Zer Heiss! Chocolate

So, It occurs to me that I should leave you with a receipe for a drink we invented after some empirical research:
The Alacrán

  1. Go to Oaxaca
  2. Get 3 fresh pequeño limes in the 20th of November Market
  3. Obtain a bottle of local Mezcal añejo – (the research for this can be an adventure in itself – be sure to sample many varieties until you find one you like). I recommend Mexcal Beneva or Real Minero Pechuga Añejo – but let your pallet be your guide. Some individuals – I won’t mention them here – say it is better to use Oro de Oaxaca which is NOT an añejo.
  4. Wet the rim of a glass with lime juice, coat with gusano salt.
  5. 3 shots of Margarita Mix over the rocks
  6. 2 shots of Mezcal
  7. Mix and enjoy
When the evening is spread out against the sky...

Shreesh and Neena walking
down a historic street.

The Alacrán – we have discovered – is best consumed with friends who are prepared for a deep discussion of the state of the country/world/universe.
(DISCLAIMER: This drink can cause significant difficulty when attempting to conjugate the Spanish verb “alegrarse” in the imperfecto de subjuntivo!)

9 Responses to “Alacránes in Oaxaca”

  1. Dear Fred Taskar,

    Thank you for this great addition to A Long Drive. And, thank you for the recipe — I am in Vermont but with a pack of Central Americans, including some Mexicans from Chiapas who are all here with me for grad school. The recipe is getting a bit of excitement going around here though getting gusano salt and Añejo Mezcal is proving to be a bit of a challenge. When we figure out our substitutions, and if we live through the experience, I will write you again. Thanks for this great post!

  2. madhuri says:

    Aging hippie! 😀
    Are you bring back some of those sacks of chillies and beans?!

  3. Fred says:

    I’m bringing back what I can, but the U.S. Customs Service has a bad habit of taking organic substances from people returning from Mexico!

  4. Vinay says:

    Woohoo guest post! Good one! I gotta try the alacran now 🙂

  5. Eduard says:

    Fred, I had no idea you were Spanish with Shreesh and Neena! Sounds like you’re having fun!

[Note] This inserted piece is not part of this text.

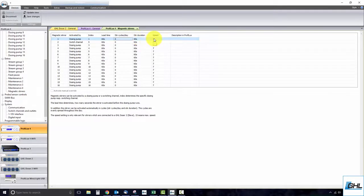Lastly, the speed column is where you simply adjust the speed of the stirrer. Keep in mind that 15 is the maximum speed. Once you've finished entering the desired settings, click Save Changes and you're all done.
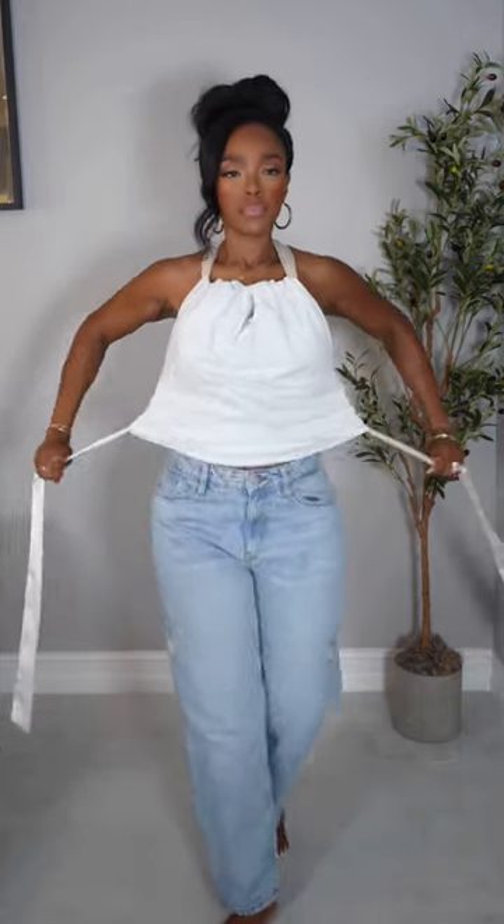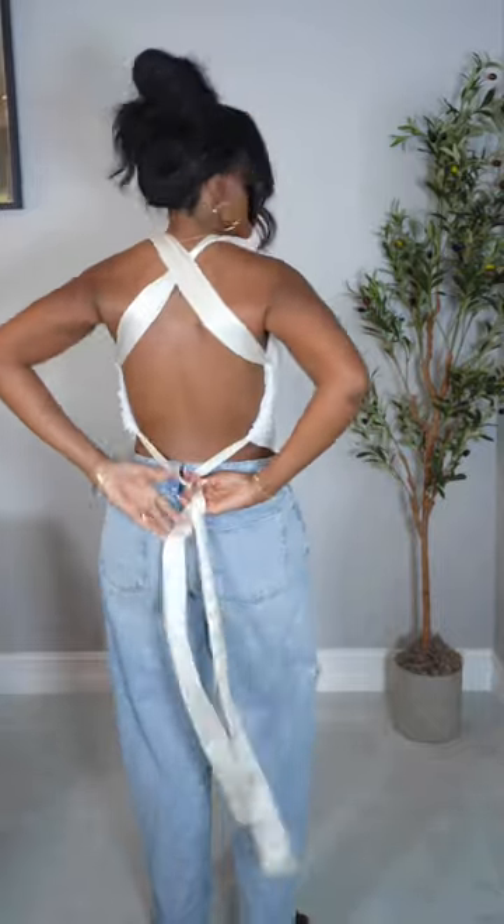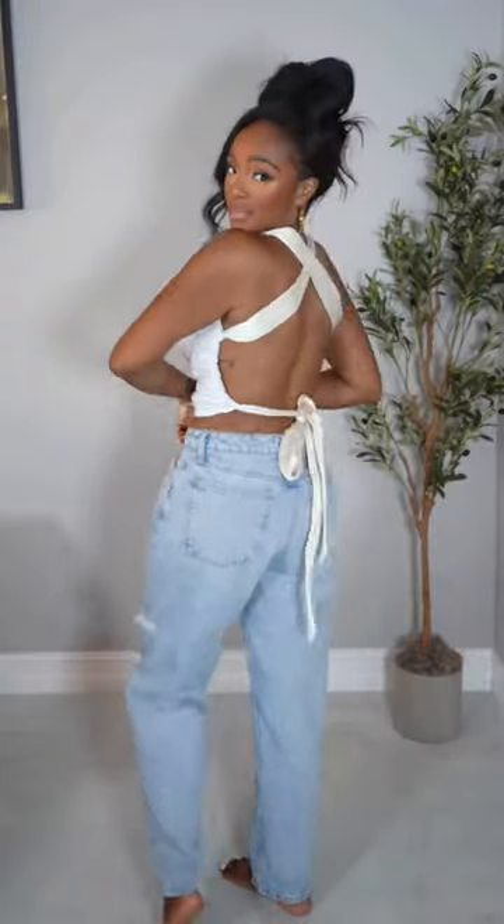Trust me — hike that baby up, then knot it in the back. Hello! Do you not see how cute this is? And then you have like a little keyhole in the front.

    Let’s play chess when you come back.

  6. barbara says:

    HOW goes it with the guisanos? Can’t get mescal here, darn it! B.

  7. Fred says:

    Steve,

    You can’t go wrong with fresh ingrediants and good friends!

    Fred

  8. Fred says:

    Barbara,

    A care package of Mezcal may find its way to you someday soon 😉

    Fred

  9. Patty says:

    I spent 2 months on the beach in Zipolete a few years ago. There we found bottles of mez cal with corncob stoppers and a worm handpainred on each bottle. It was “white litning” Zipolete style, taste the charcoal – WOWIE!